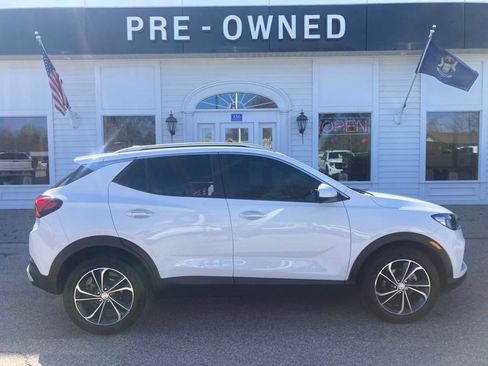 Certified 2021 Buick Encore GX Select image 4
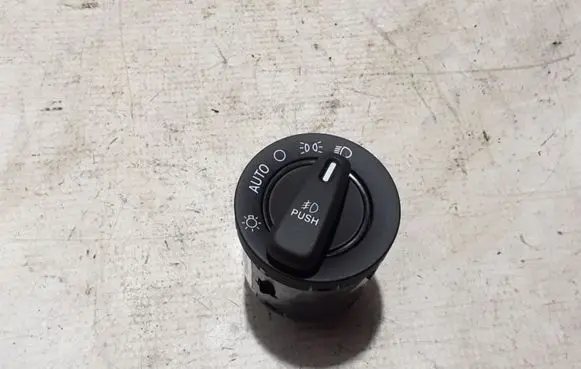 Light switch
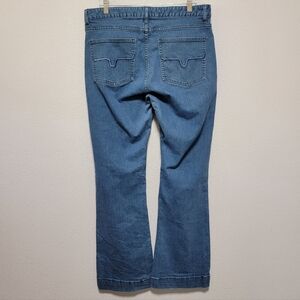 Kimes Ranch Jeans Lola Flare 14/32 Medium Wash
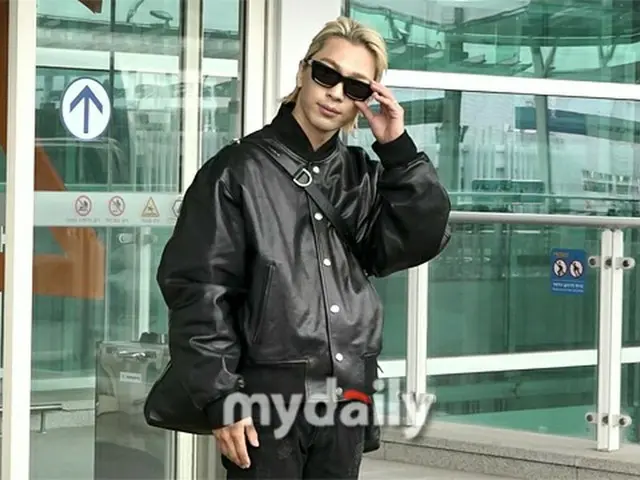 SOL (TAEYANG/BIGBANG) departed to France to attend fashion week. . .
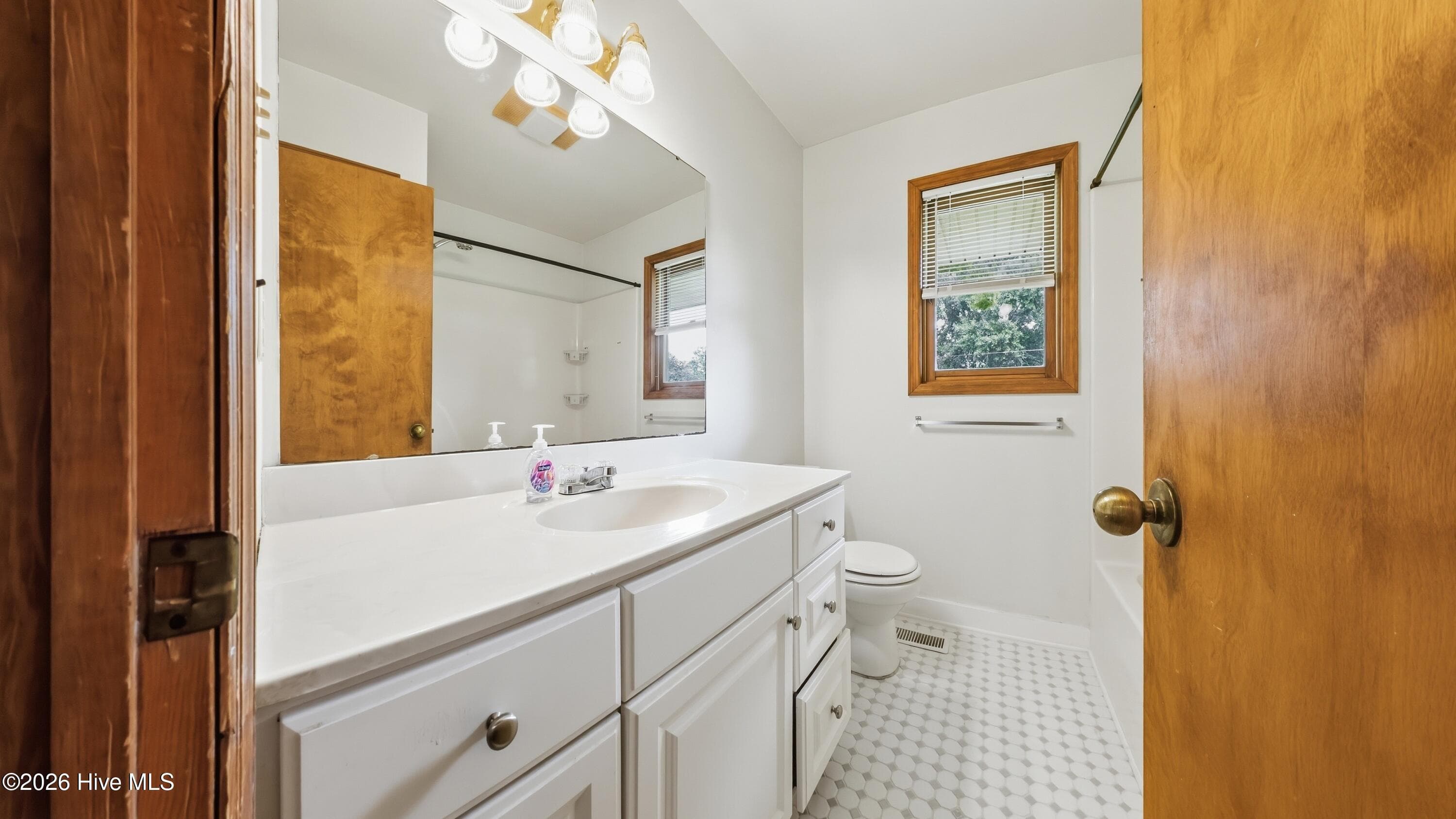 Single Family Residence at 306 Shore Point Drive, Wilmington, NC 28411, photo 79 of 86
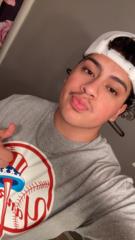 Zeke Hernandez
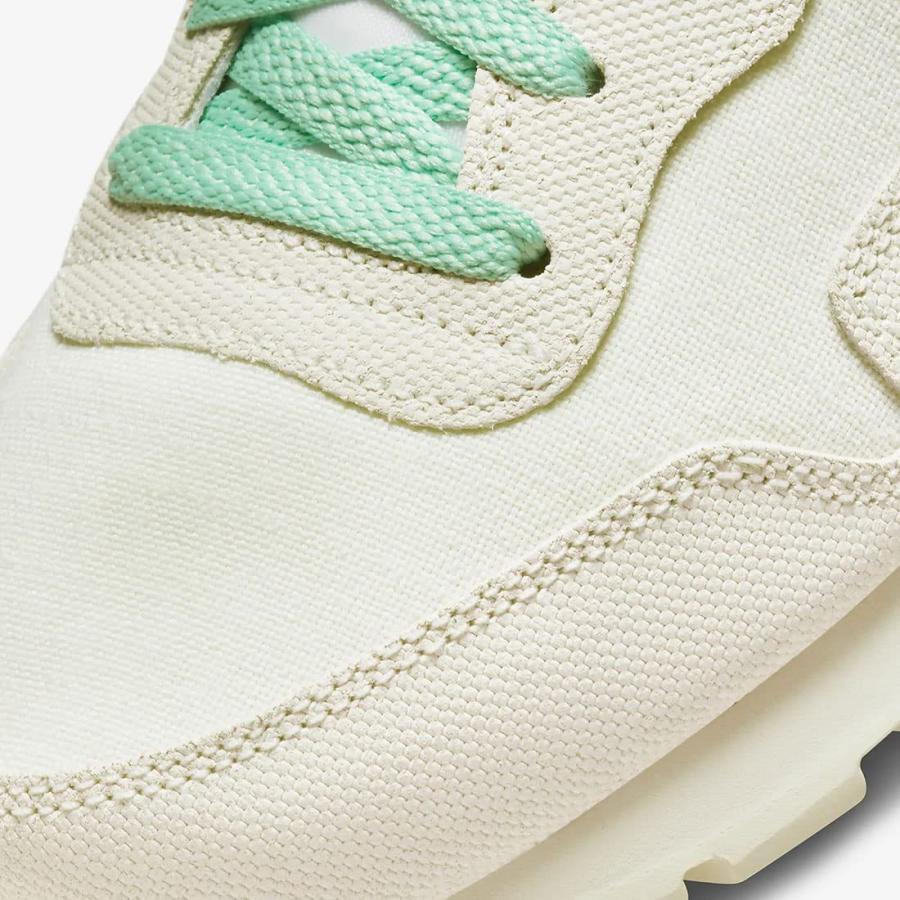 [ナイキ] エア ペガサス 83 プレミアム [Air Pegasus 83 PRM] セイル/ココナッツミルク/アルファオレンジ/セイル  DV0432-100 国内正規品 NIKE（ナイキ） エア ペガサス 83 プレミアム [Air Pegasus 83 PRM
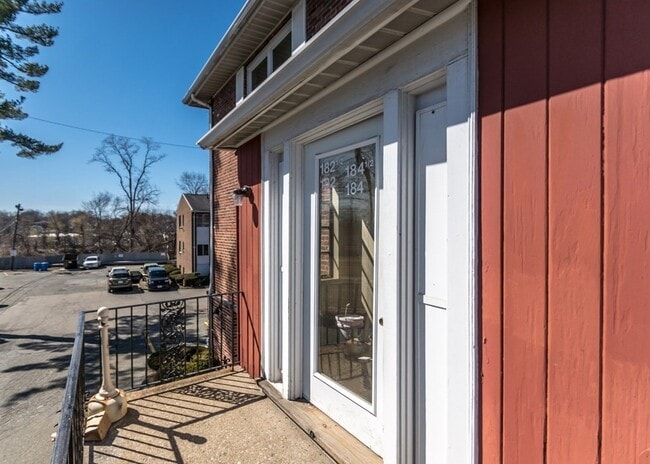 Building Photo - 182 1/2 River St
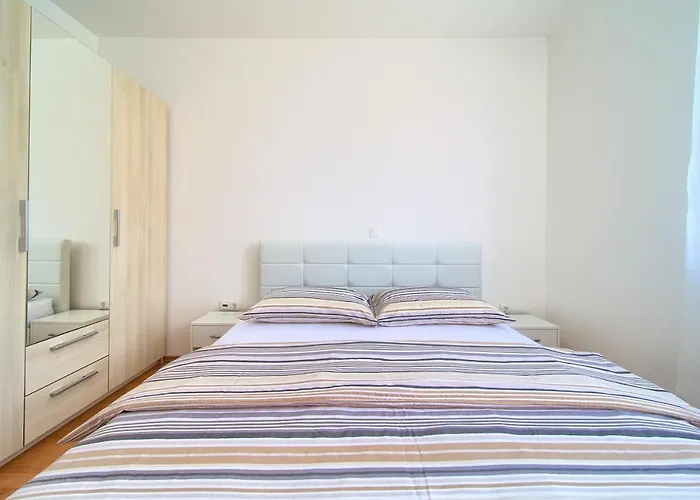 Anja Apartman *
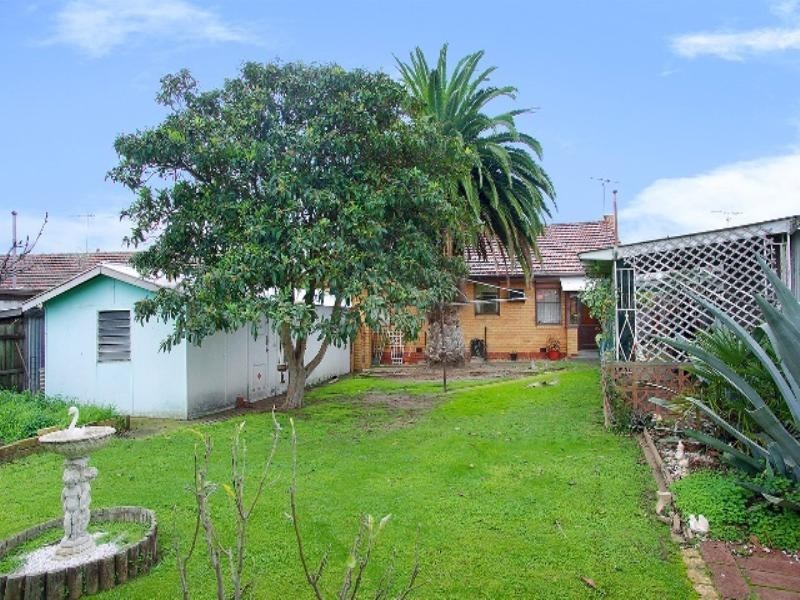 5 Dearborn Parade, Corio VIC 3214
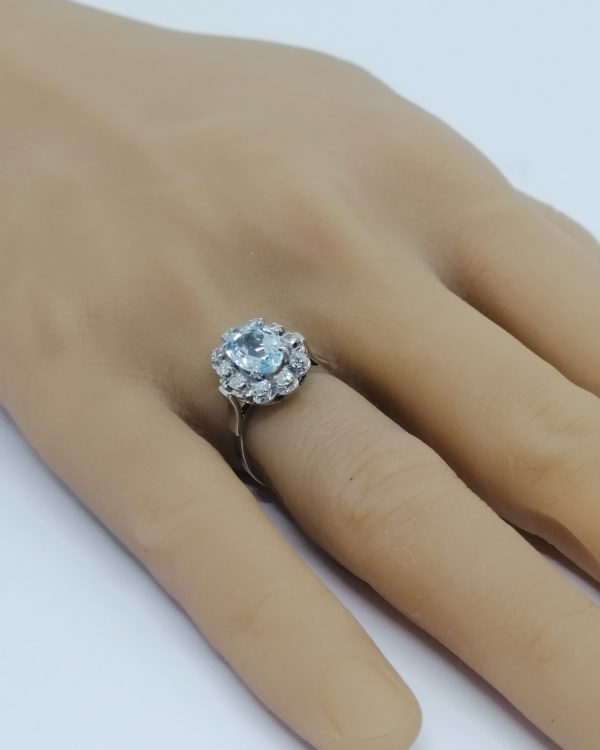 Bague en or gris, sertie de diamants taillés et d'une aigue-marine facettée, vers 1950. – Image 5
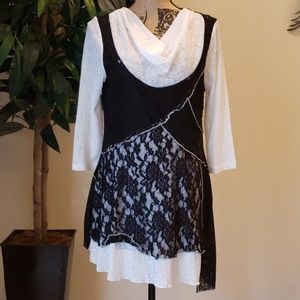 Dor Dor Couture Black & Ivory Lace Tunic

> _YOUR GOAL_:
Print an exact copy of the lines above, from the one containing "Zeke Hernandez" through the one containing "5 Dearborn Parade, Corio VIC 3214", and leave out the pictures.

> _WRITTEN RESPONSE_:
 Zeke Hernandez
 [ナイキ] エア ペガサス 83 プレミアム [Air Pegasus 83 PRM] セイル/ココナッツミルク/アルファオレンジ/セイル  DV0432-100 国内正規品 NIKE（ナイキ） エア ペガサス 83 プレミアム [Air Pegasus 83 PRM
 Building Photo - 182 1/2 River St
 Anja Apartman *
 5 Dearborn Parade, Corio VIC 3214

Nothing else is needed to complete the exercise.